In this exercise, print only the lines of the records below from the one with "Lot 108 - A" through the one with "Great room and", inclusive. Pictures are not part of the copy.

[Provided entries]
►
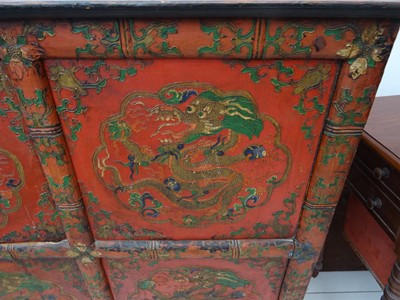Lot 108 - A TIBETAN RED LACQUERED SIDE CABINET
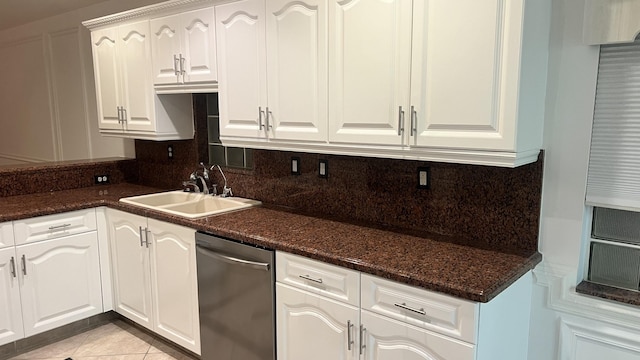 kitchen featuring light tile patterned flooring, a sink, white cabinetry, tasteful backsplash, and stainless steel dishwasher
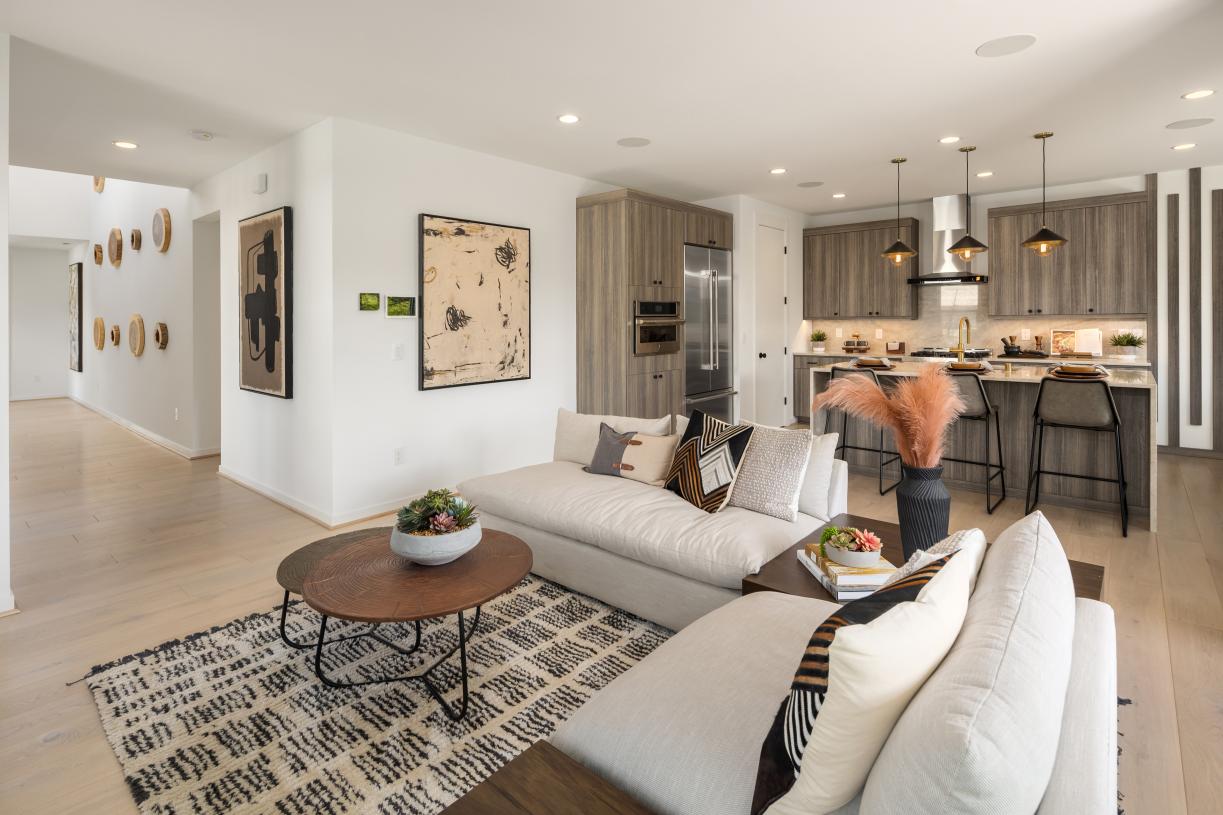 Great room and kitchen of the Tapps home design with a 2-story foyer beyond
◄
►
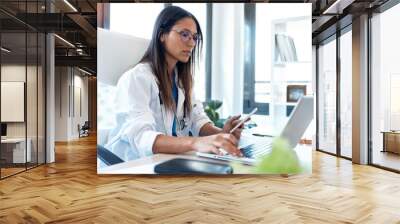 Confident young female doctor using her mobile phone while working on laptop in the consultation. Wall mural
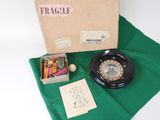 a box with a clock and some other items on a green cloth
◄
[Answer to this task]
Lot 108 - A TIBETAN RED LACQUERED SIDE CABINET
 kitchen featuring light tile patterned flooring, a sink, white cabinetry, tasteful backsplash, and stainless steel dishwasher
 Great room and kitchen of the Tapps home design with a 2-story foyer beyond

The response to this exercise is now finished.